They were the summers of my youth, the summers of life. I started working in Alaska in 1966 when I was just finishing my twenty-first year. When I came home to San Francisco just before the Fall to start school again, I was a father. That was my first year in Alaska. It would be fourteen more consecutive summers before I would see what would become my final trip to South Naknek in Bristol Bay, the salmon goldmine of the world.

You took three planes to get there: a big one from Seattle to Anchorage, a 747 sometimes, then a smaller one with about 50 people from Anchorage to King Salmon, a military base.
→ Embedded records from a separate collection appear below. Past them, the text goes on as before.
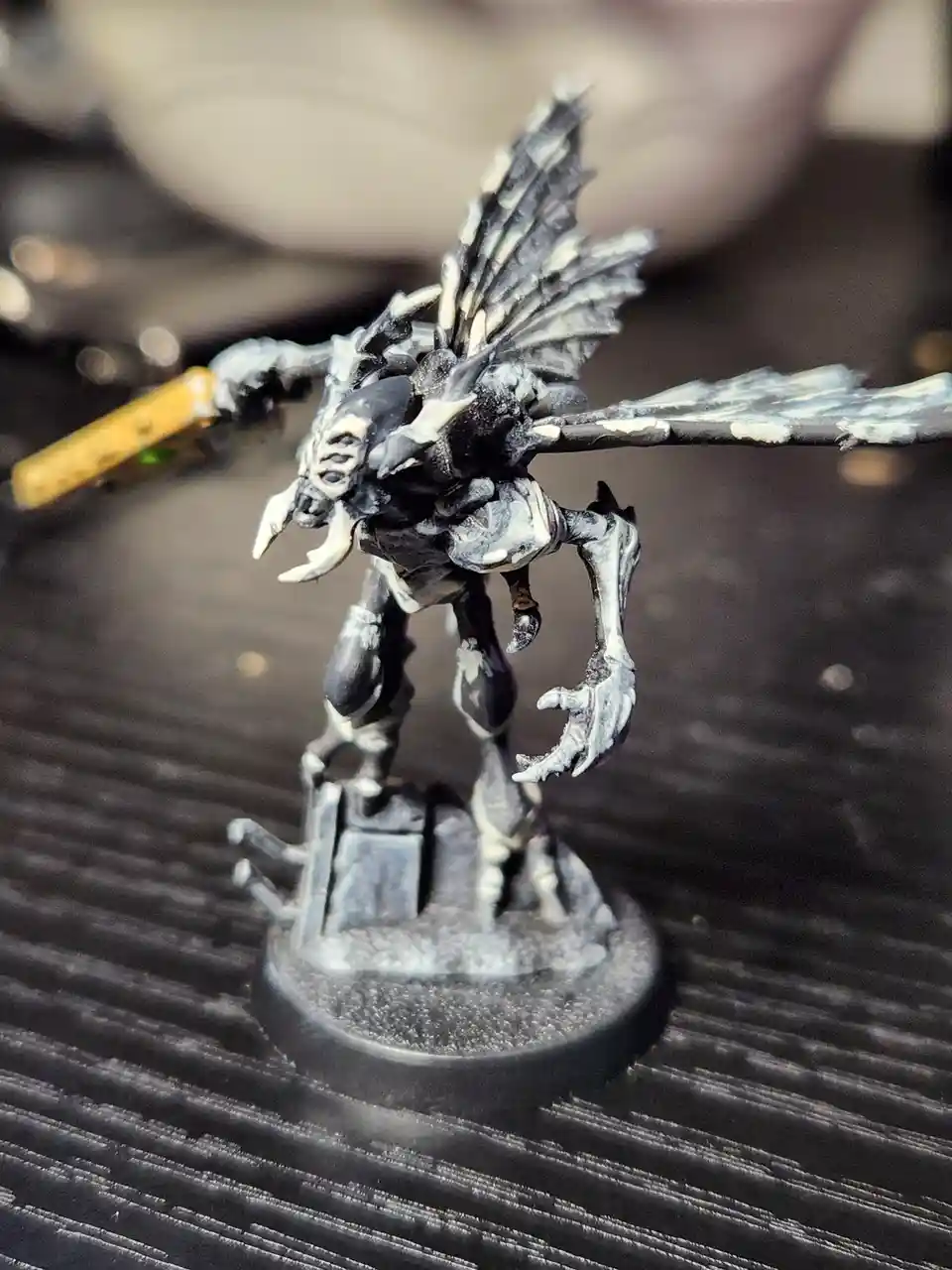 My Work in Progress: Vespids Edition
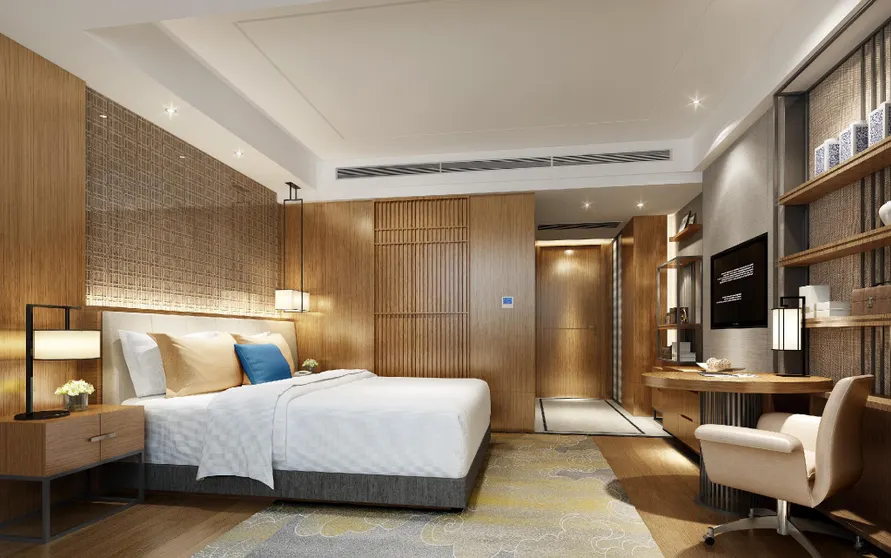 Ảnh Shanshui S Hotel Maliandao Branch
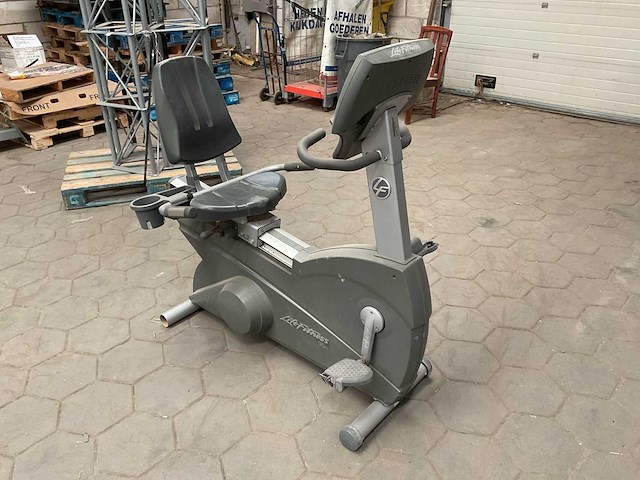 Life fitness 95ri hometrainer - afbeelding 2 van  7
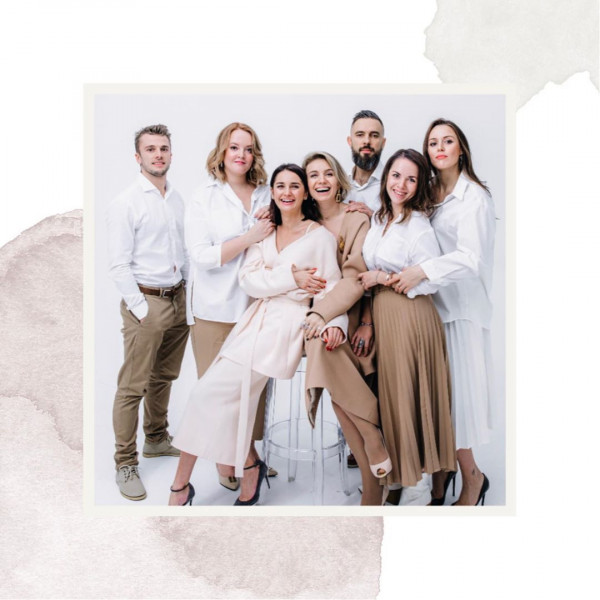 Участники TOP15MOSCOW — победители и финалисты Wedding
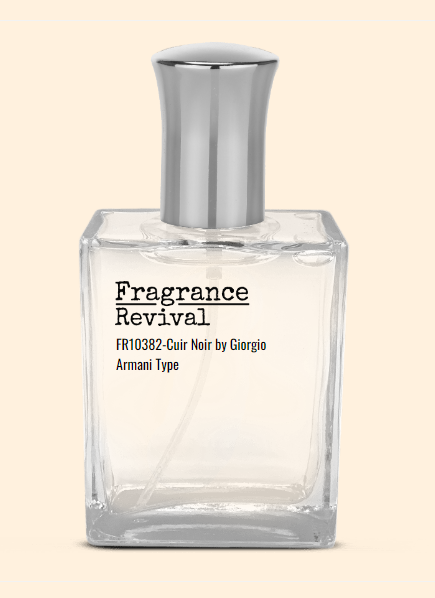 FR10382-Cuir Noir by Giorgio Armani Type - Fragrance Revival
And then a cub plane or a bush plane  (which is the most common mode of transportation in Alaska) to the cannery itself. I always liked the ride. It felt like I was in a flying sports car. I could see everything underneath me, and I remember the pilot telling me, “Well,  there she is...a lot of...nothin.’” And true enough, as far as my eye could see, there was nothing but tundra, low bushes of vegetation for miles and miles and miles. Until all of a sudden, some construction made of lumber (for it would contrast with the greens, like a naked part of a hairy anatomy) would jump into view, and  we would know that the cannery is nearby, as towns and buildings and ships and boats emerged and took shape. The airport in which we landed sported a sign “South Naknek International Airport.” It was nothing but dust and gravel, one hut or shack of a building with just galvanized roofing and a wooden bench. There, one waited to be taken to the cannery by truck and jeeps and all kinds of transportation dispensed by the cannery at that time of arrival. Usually, the fish had not yet started its run, and at that leisurely time there was plenty of transportation available from the cannery. I remember one flat truck that I was on one summer, early in my years in Alaska. We had stood on the truck, some of us not holding on to anything, hats and bandana scarves blowing in the dusty wind, waving goodbye to the place where planes landed. Even the airport was a character in South Naknek. That’s the kind of place it was.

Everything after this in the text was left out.